The Mystery Spymaster

Team Infidel

Forum Spin Doctor
Newsweek
October 13, 2008 Periscope

By Mark Hosenball
As Pakistan copes with a spate of terrorist violence and political unrest, Bush administration officials worry that they know too little about the man who was just appointed to lead the Muslim nation's sprawling spy agency, the Inter-Services Intelligence directorate. Last week, Islamabad disclosed that ISI's new chief will be Lt. Gen. Ahmed Shuja Pasha, Pakistan's former director of military operations and a protégé of Gen. Ashfaq Kiyani, the country's top commander. Kiyani, who once headed ISI and took training courses in the U.S., is admired and trusted by American defense and intelligence officials. But they don't know much about Pasha beyond his close ties to Kiyani and that he ran operations against militants who turned tribal regions along Pakistan's border with Afghanistan into a terrorist safe haven.
Two U.S. counterterrorism officials, who asked for anonymity when discussing sensitive information, said they believe that U.S. complaints about alleged collaboration between ISI and Taliban fighters played a role in the departure of ISI's former commander, Gen.
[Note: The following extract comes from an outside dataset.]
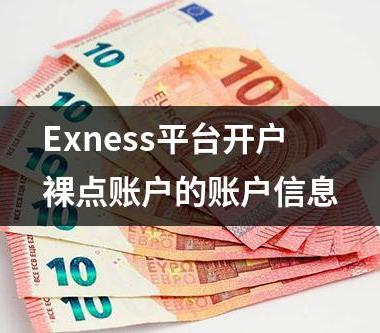 Exness平台开户裸点账户的账户信息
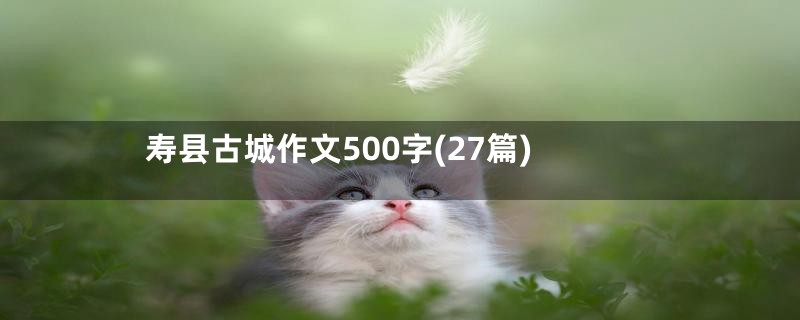 寿县古城作文500字(27篇)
Nadeem Taj. This past summer, according to one of the officials, the U.S. presented Pakistan with a dossier outlining alleged treachery inside ISI, including purported contacts between ISI representatives and Taliban militants who attacked India's embassy in Kabul on July 7.
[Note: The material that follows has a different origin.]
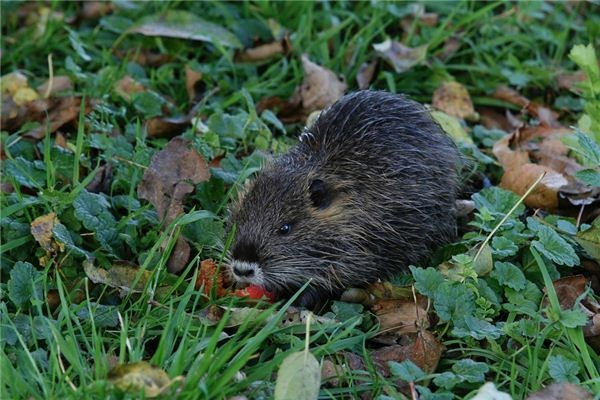 Dreaming of muskrats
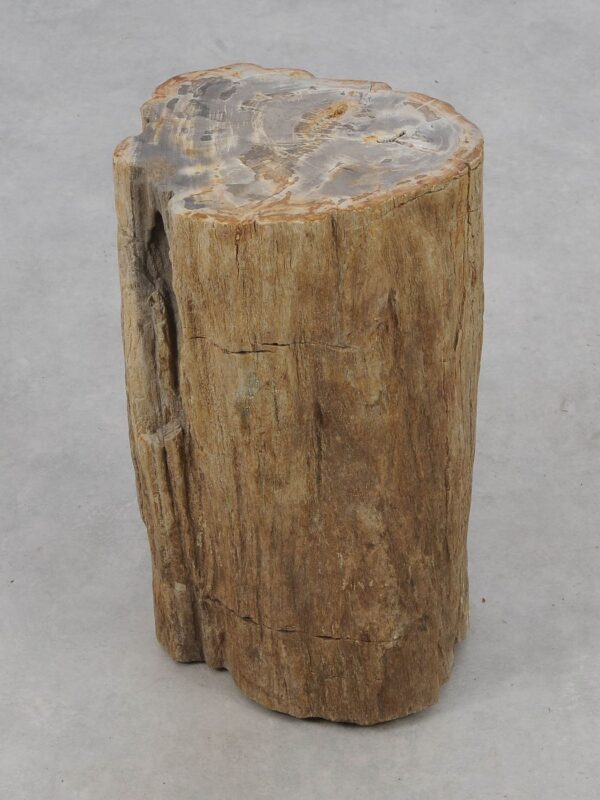 Side table petrified wood 51035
Washington's chief concern is whether the new ISI boss, who is not a career spy, will have the skill and clout to purge the agency of elements sympathetic to Al Qaeda and the Taliban. Some U.S. experts say the service is so inscrutable that it may harbor secret factions that are working at cross-purposes to the interests of the U.S. and Pakistan. "Nothing tells me they are ready to break the link between ISI and Afghan Taliban," said Bruce Riedel, a retired CIA expert on the region. Washington relies heavily on ISI for intel on militants. Historically, says a former senior U.S. intelligence official, who also asked for anonymity, 80 percent of credible U.S. intel about terrorists in Pakistan originated with ISI.